Tractor beams have made the jump from science fiction to reality in recent years, but only for levitating very small objects. A new breakthrough could lead to futuristic, far out new uses for the technology and open the door to levitating much larger objects, including humans.
Engineers from the University of Bristol have been able to trap (essentially levitate) objects using an acoustic tractor beam that is larger than the wavelengths of sound used by the device.
"Acoustic researchers had been frustrated by the size limit for years, so it's satisfying to find a way to overcome it. I think it opens the door to many new applications," Asier Marzo from Bristol's Department of Mechanical Engineering, said in a release. Marzo is lead author on a paper published Monday in the journal Physical Review Letters.
Those applications could include touchless control of drug capsules or micro-surgical implements inside the human body using sonic tractor beams. It could also become possible to move and manipulate fragile items in a whole new way.
"I'm particularly excited by the idea of contactless production lines where delicate objects are assembled without touching them," said Bristol's Bruce Drinkwater, who oversaw the work.
The breakthrough comes from using rapidly fluctuating acoustic vortices, which the team describes as similar to "tornadoes of sound, made of a twister-like structure with loud sound surrounding a silent core."
By changing the twisting direction of the vortices, the researchers were able to stabilize the tractor beam and increase the size of the silent core, allowing it to hold larger objects.
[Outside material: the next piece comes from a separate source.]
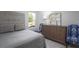Cozy bedroom with a large window, a comfy bed, and stylish decor at 315 Pine Crest View Dr, Summerville, SC 29486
Using this technique and 40kHz ultrasonic waves (simillar to a pitch that only bats can hear), they were able to levitate a two-centimeter polystyrene sphere, the largest object ever trapped in a real world tractor beam.
Perhaps most impressive is that the research suggests this technique could be scalable all the way up to people proportions.
"In the future, with more acoustic power it will be possible to hold even larger objects," said senior research associate Mihai Caleap. "This was only thought to be possible using lower pitches making the experiment audible and dangerous for humans."
Soon, "floating on air" could go from just a saying to the way we take a nap when there's no bed available.